Cristo che muore per salvare l’umanità.
Inizia con le mani vuote, privo di
tutto, umile, con una certa fama di squilibrato mentale, ma guidato da San
Giovanni d’Avila e protetto dalla Vergine Maria cui si affida e che invoca
sempre, e con uno stato di piena armonia, frutto dell’esperienza personale
della Pentecoste. Intraprende così un cammino in cui non vacillerà mai, fino
alla morte.
Casa Venegas, la Pescadería, Calle
Lucena, Salita dei Gomérez, il progetto dell’ospedale dei Girolomini: tutti
questi luoghi sono gli scenari che segnano il percorso della sua vita. In
ciascuno di loro offriva ciò che poteva, ma ogni volta il numero di quanti
godevano della sua ospitalità andava aumentando, così come la qualità
dell’assistenza.
La sua Pentecoste gli conferì il grande
dono con il quale lo Spirito lo arricchì, il carisma dell’ospitalità.

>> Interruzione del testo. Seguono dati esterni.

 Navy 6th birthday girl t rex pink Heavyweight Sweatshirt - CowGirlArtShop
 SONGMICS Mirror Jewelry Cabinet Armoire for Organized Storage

Ospitalità che Giovanni condivise con i suoi primi compagni; con i
collaboratori, alcuni dei quali salariati e molti altri volontari e
benefattori; con tante persone che furono i destinatari specifici del suo
carisma: poveri, malati, bambini, anziani, prostitute e tanti altri che si
trovavano nel bisogno. Tutto simbolizza la grande varietà di apostolato che
oggi l’Ordine porta avanti in tutto il mondo, nei 51 Paesi in cui siamo
presenti.
Vorremmo che questo momento fosse per
l’Ordine una nuova Pentecoste, che come Giovanni di Dio percorressimo un
cammino di ospitalità secondo il suo stile, accrescendo la nostra sensibilità
verso coloro che soffrono, e che vivessimo un percorso di semplicità e di
saggia umiltà, cercando di essere ‘di Dio’ così come lo fu Giovanni, con la
capacità di condividere il nostro essere e la nostra missione con i
collaboratori, ed essere un faro in un mondo che cambia e che ha la sua verità,
che però non può essere dissimile da quella del Vangelo.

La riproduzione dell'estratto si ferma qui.